* To do:
Pictures are to be omitted. Output only the lines from the one containing "Solaris Urbino 12" through the end of the data, word for word.

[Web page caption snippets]
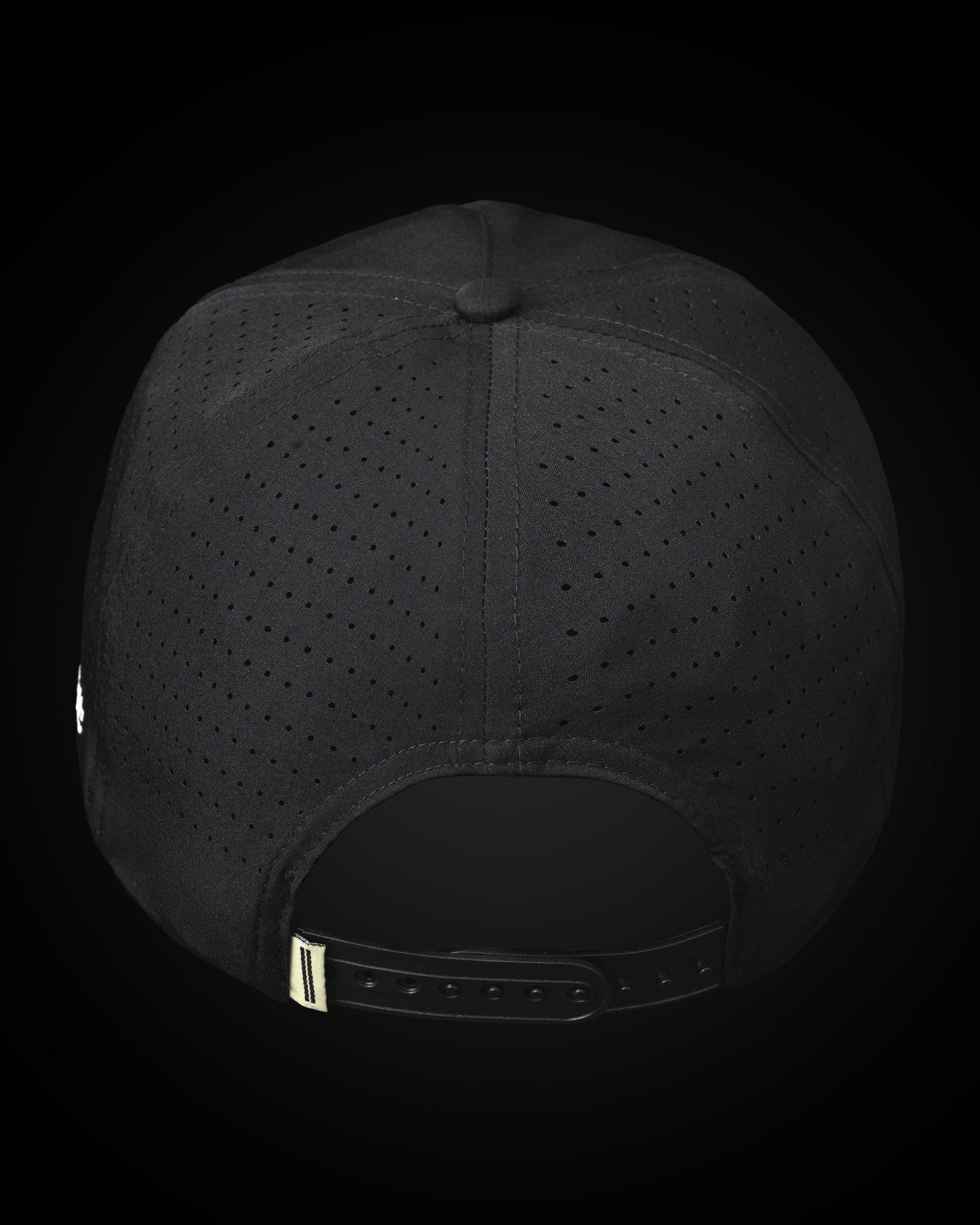 WARSTRIPE ROPE LIGHTWEIGHT SNAPBACK (BLACK)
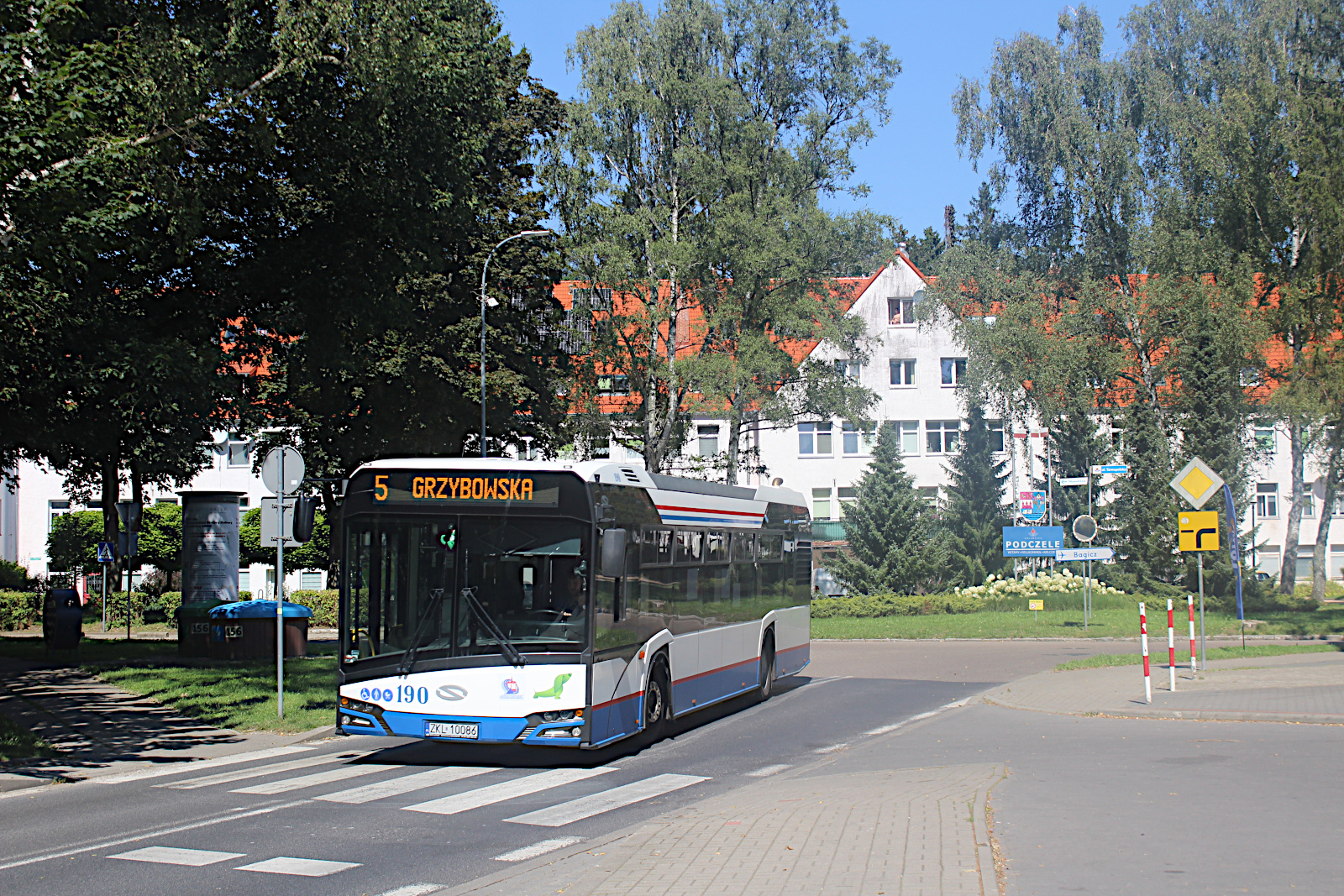 Solaris Urbino 12 190 Komunikacja Miejska w Ko�obrzegu, sp. z o.o.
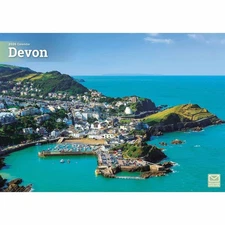Devon 2026 A4 Wall Calendar
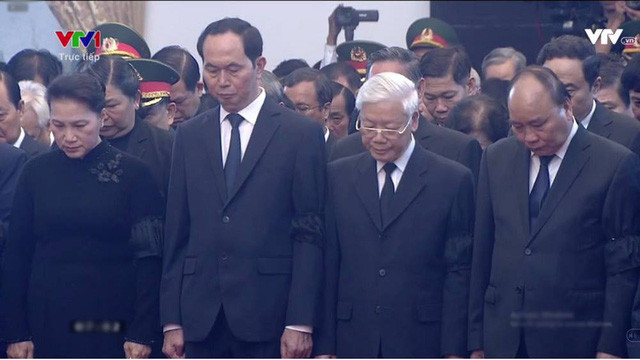 Lễ truy điệu và an táng nguyên Thủ tướng Phan Văn Khải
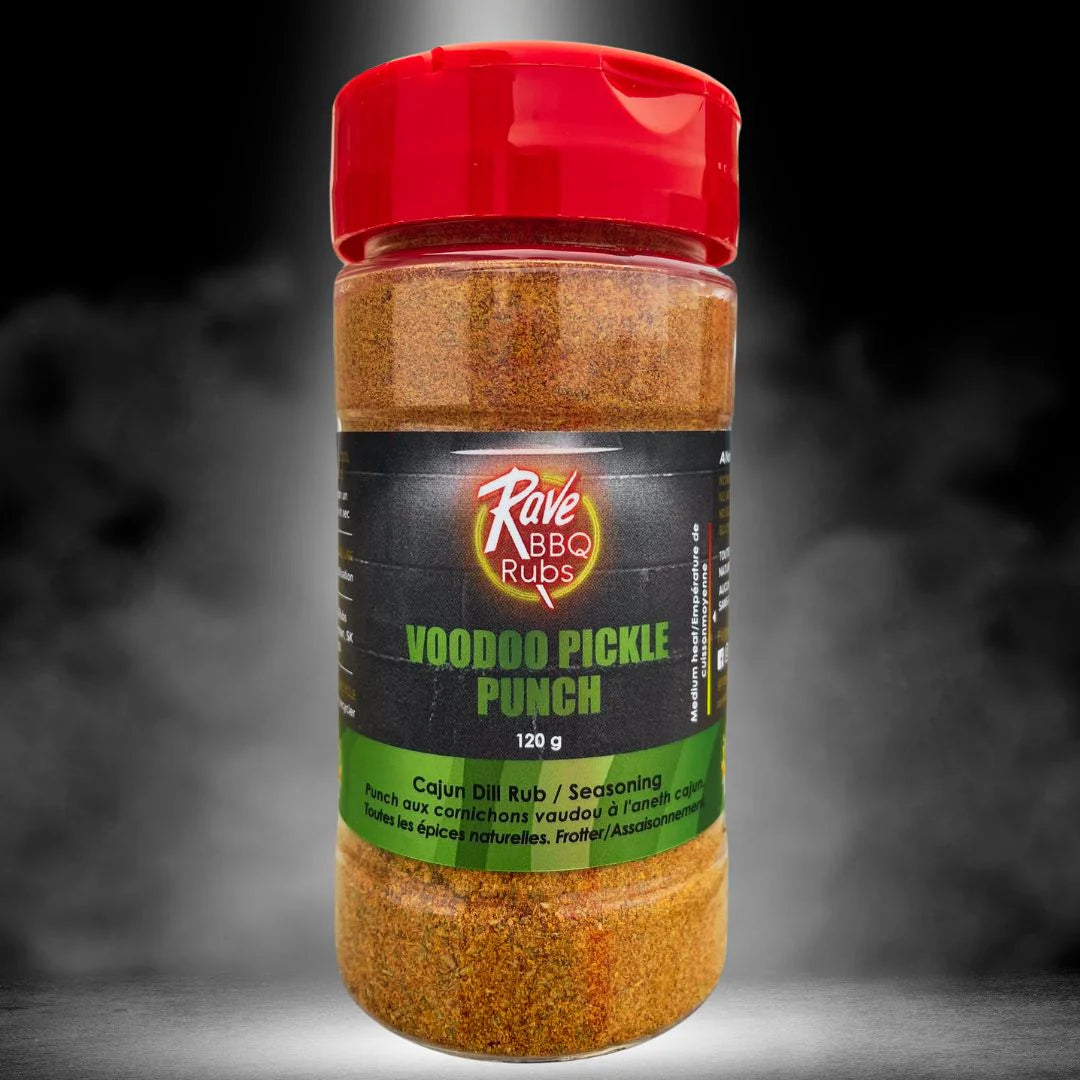 Voodoo Pickle Punch Rub/Seasoning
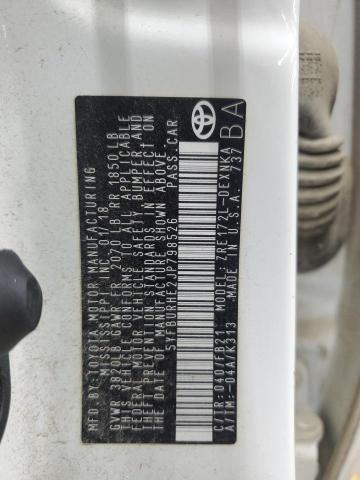 2018 TOYOTA COROLLA L - 5YFBURHE2JP798526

* Your response:
 Solaris Urbino 12 190 Komunikacja Miejska w Ko�obrzegu, sp. z o.o.
Devon 2026 A4 Wall Calendar
 Lễ truy điệu và an táng nguyên Thủ tướng Phan Văn Khải
 Voodoo Pickle Punch Rub/Seasoning
 2018 TOYOTA COROLLA L - 5YFBURHE2JP798526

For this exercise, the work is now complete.